The US Federal Reserve trails other major central banks in tackling climate change, even as President Joe Biden pledges a "whole of government" approach and fights to salvage his ambitious climate agenda as global leaders meet in Glasgow to hash out responses to rising world temperatures.
In recent years the Fed has only begun to look at how changing weather patterns impact its ability to do its job, which includes safeguarding the financial system through bank regulation, and combating economic shocks through monetary policy.
And while it is devoting more effort to studying climate-related impacts, it treats climate risk as just another element that affects the economic and financial landscape, like trade or childcare policy, rather than as anything the Fed might try to shape.
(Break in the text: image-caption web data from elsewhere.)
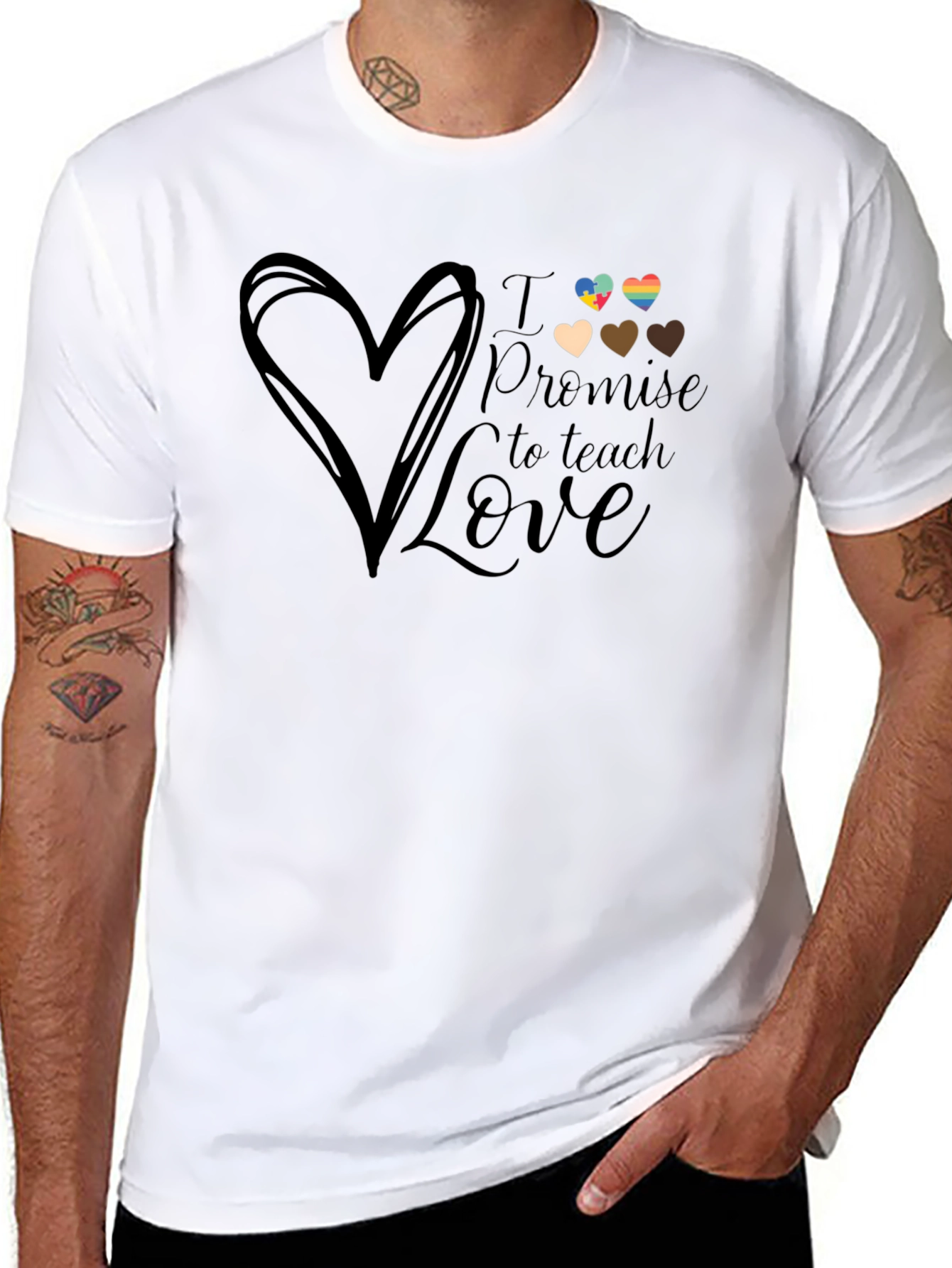 I Promise to Teach Love T-Shirt
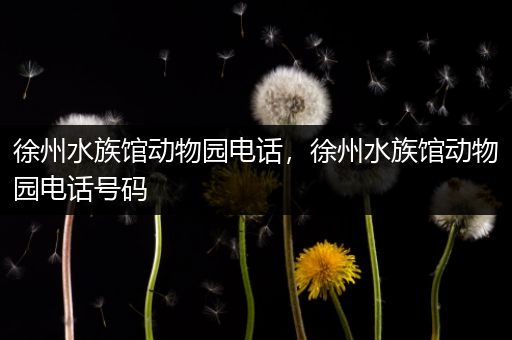 徐州水族馆动物园电话，徐州水族馆动物园电话号码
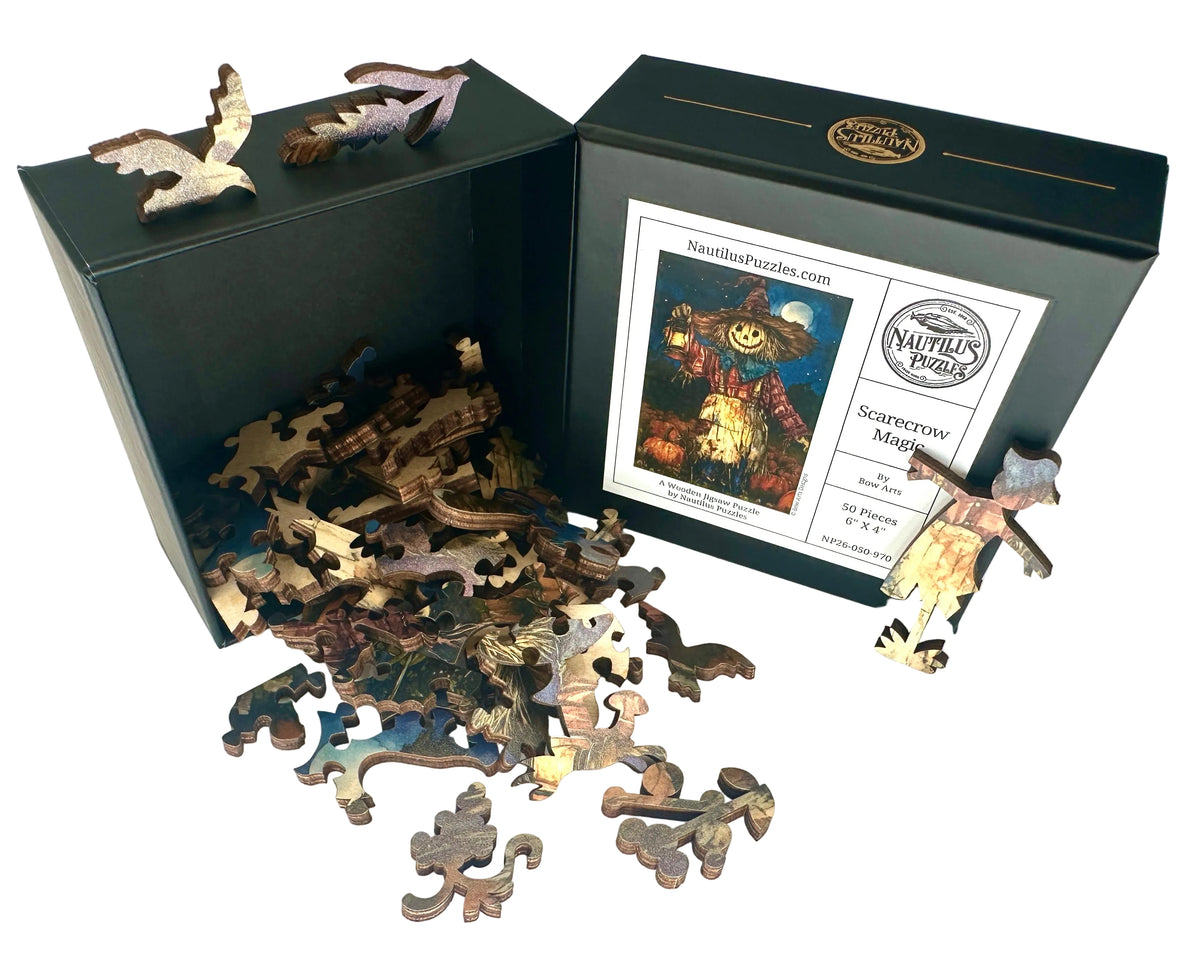 Mini Halloween Puzzle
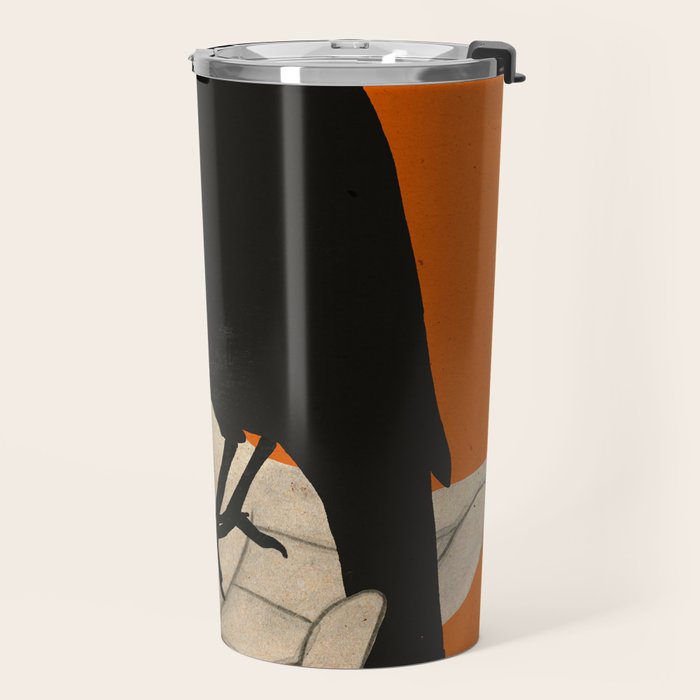 Bird in Hand 5 Travel Mug Gallery Image 2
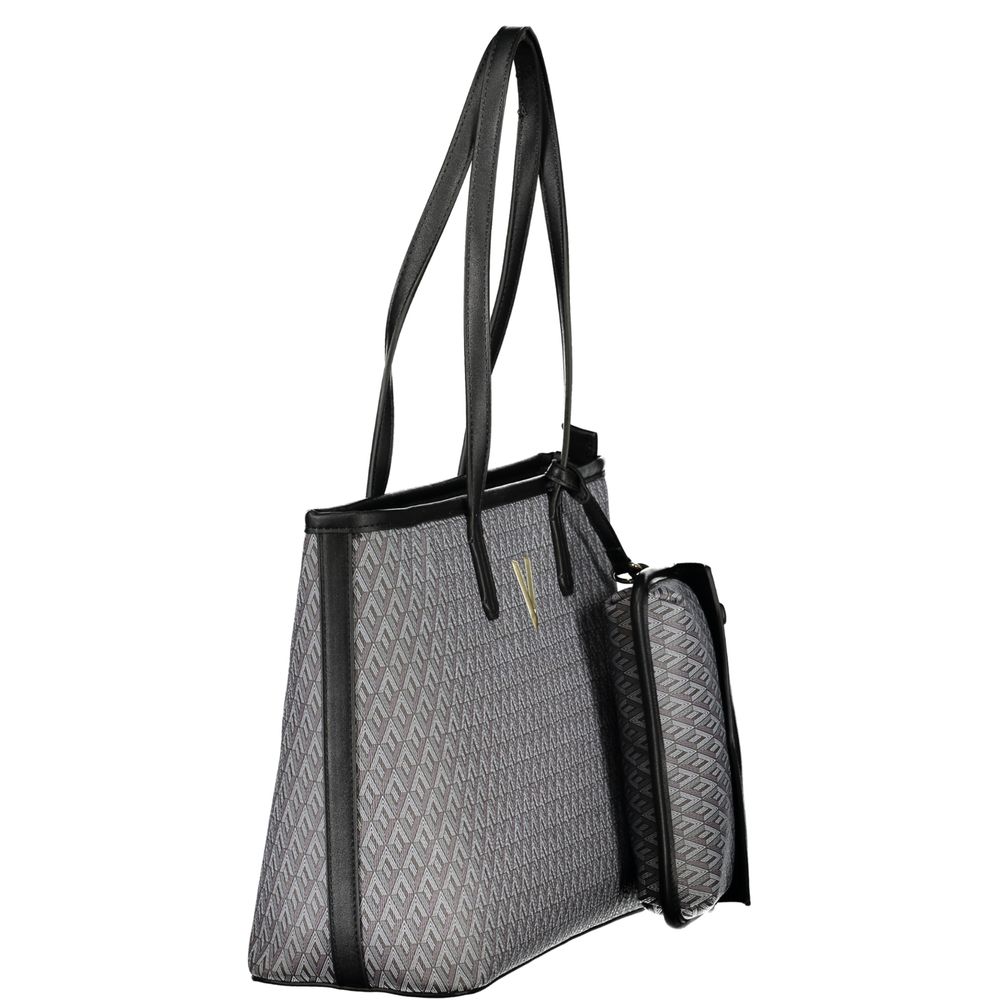 Valentino Black Polyethylene Handbag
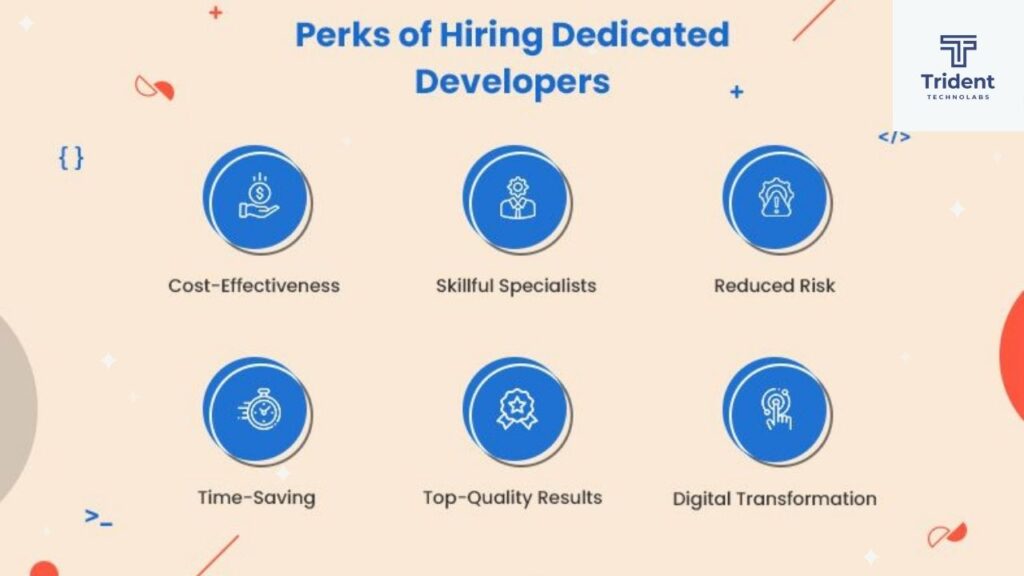 benefits of hiring dedicated developers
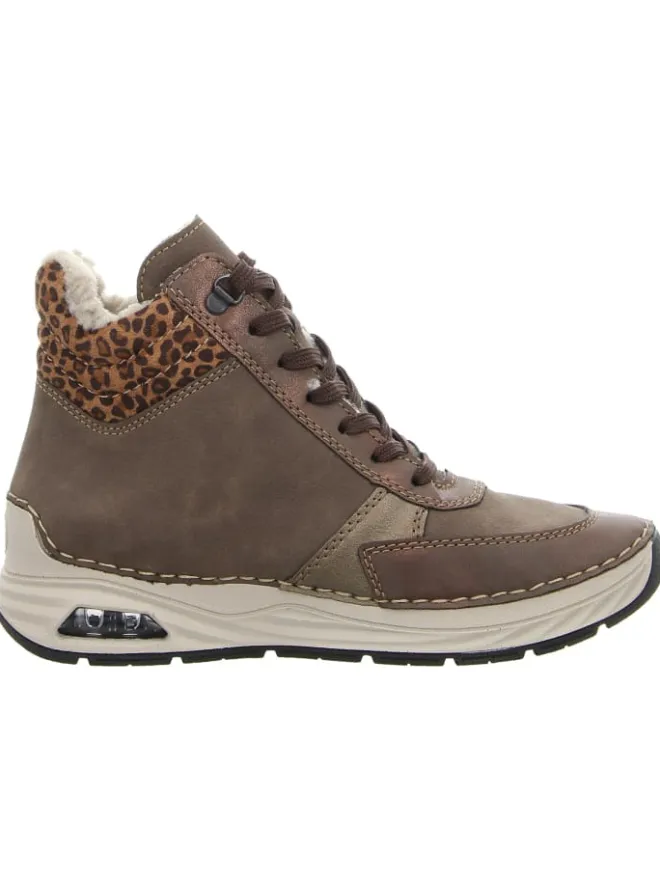 Schnürschuh in braun>rieker Clearance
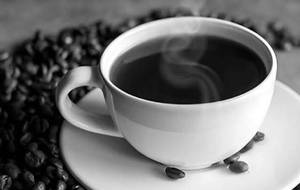 Black coffee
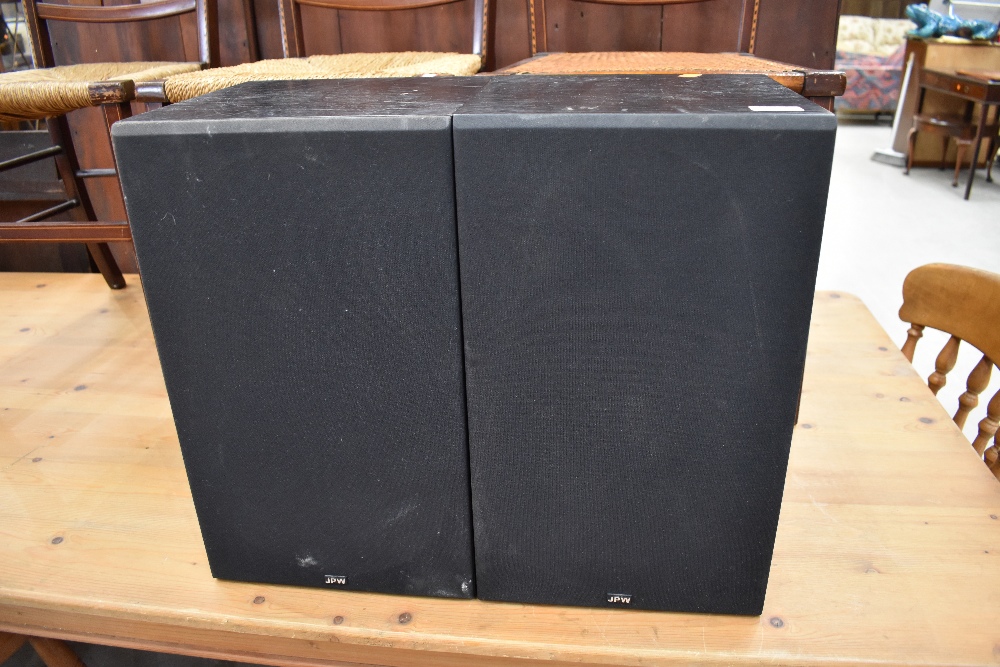 A pair of JPW speakers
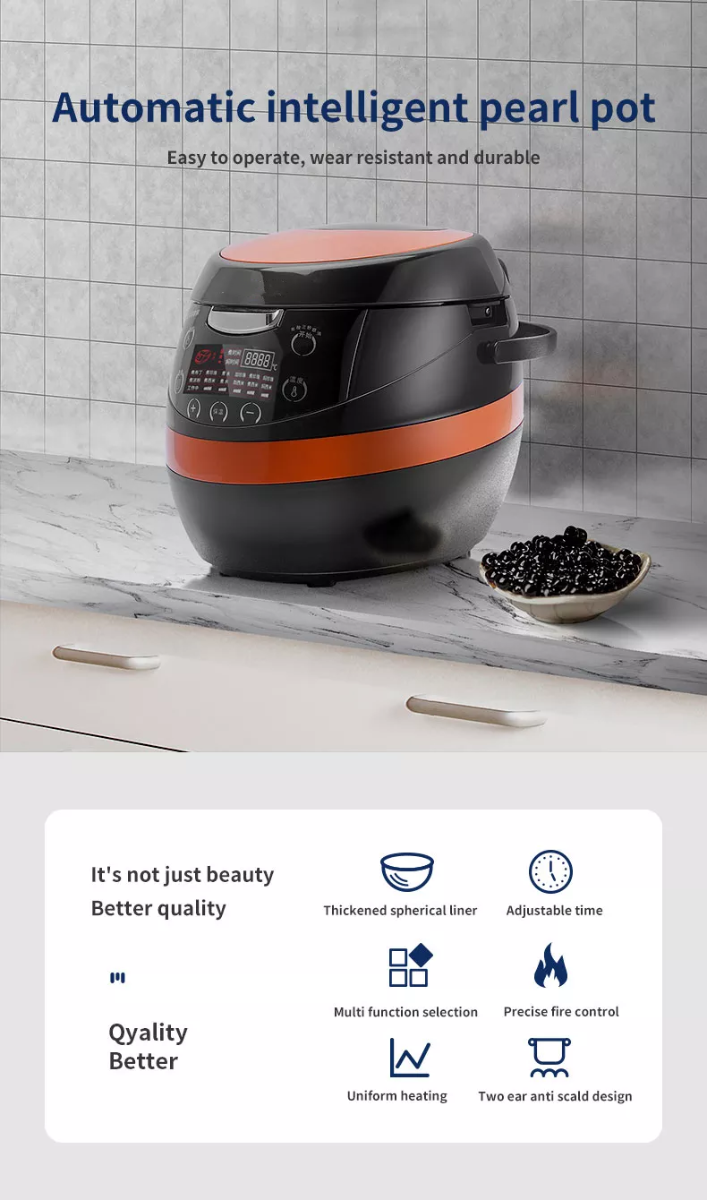 Bubble Shop Tapioca Cooking 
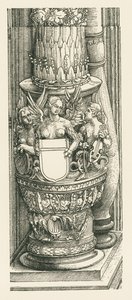 Arco do Triunfo do Imperador Maximiliano I de Albrecht Dürer or Duerer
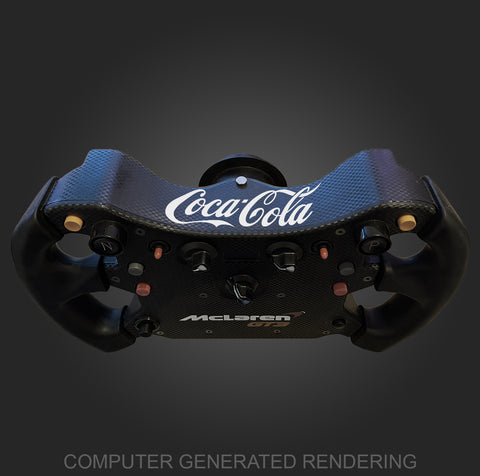 CocaCola logo for GT3 wheel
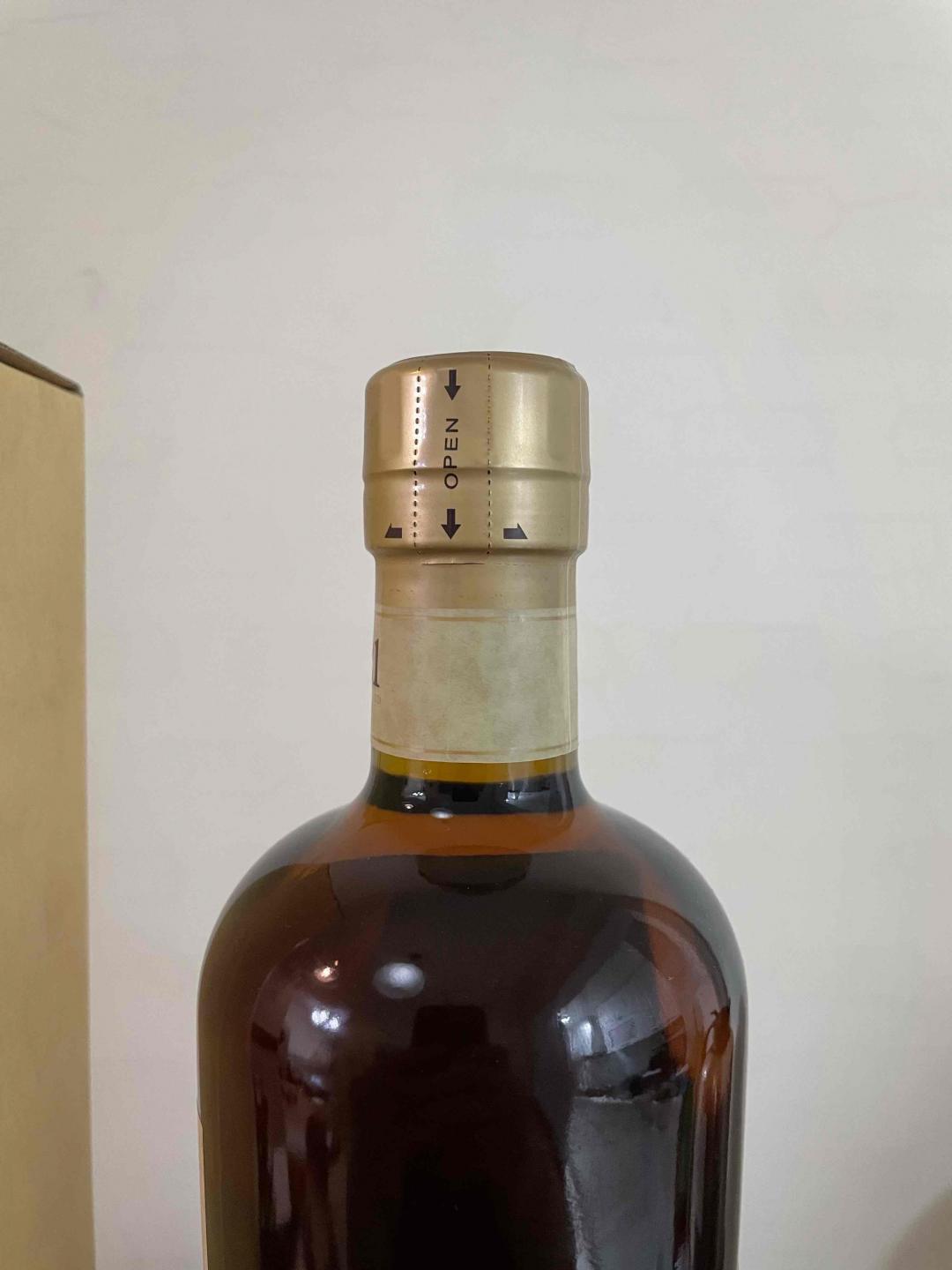 竹鹤21年（简盒）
That puts it well behind its peers who are gearing up to buy green assets, crack down on fossil-fuel lending, and push companies toward lower-carbon choices.
The hesitance to prioritize action on climate risk at the world's most powerful central bank will have consequences, analysts and activists say, not just for the US economy but for a global financial system whose largest actors are in New York.
"If [the US] are laggards, it won't be good for our markets, it won't be good for our companies," said Sanjay Patnaik, a Brookings Institution fellow specializing in climate policies. "The US doesn't want to fall behind, or our financial system will be more vulnerable to climate risk."
Fed policymakers could catch up relatively quickly "if they engage fully," he said, particularly by implementing stress tests to gauge banks' vulnerability to climate risks such as higher temperatures or exposure to loans financing fossil fuel.
The Bank of England has already started such testing, with a view to using the results to nudge banks to be better prepared.
Such tests could fall under the Fed's own remit for financial stability and Fed officials have said they will explore the possibility. But, leery of blowback on what is a fraught US political issue, they maintain it's up to Congress, not them, to incentivize businesses to go green.
As Fed Chair Jerome Powell summed it up this summer: "We are not and we don't seek to be climate policymakers as such."
Letting others lead
In the past year, the Bank of England and the European Central Bank have released comprehensive plans to help manage the transition to a greener economy, including using their asset-buying clout to selectively benefit less-polluting companies.
By contrast, the Fed, central bank to the largest greenhouse-gas producing country, remains stuck near the starting gate.
It was the last major central bank to sign up to the Network for Greening the Financial System when it joined in December 2020, and has only just begun an effort to analyze financial-stability risks from climate change, but so far embracing no new policies to address it.
"When I think about why are other banks ahead of us really - and they are - it's because in those governments, they decided some years back that these are critical risks," San Francisco Fed President Mary Daly said recently. Her bank has several economists leading the charge at the Fed on climate-change research.
Others such as the ECB and People's Bank of China have started green bond programs -- purchasing debt to finance environmentally friendly projects -- to nurture a transition toward alternative energy. The Fed views such policies as beyond its economic and financial stability mandates.
Daly acknowledged that as fire seasons lengthen, droughts deepen, and severe weather disrupts more economic activity, the Fed may need to respond more assertively.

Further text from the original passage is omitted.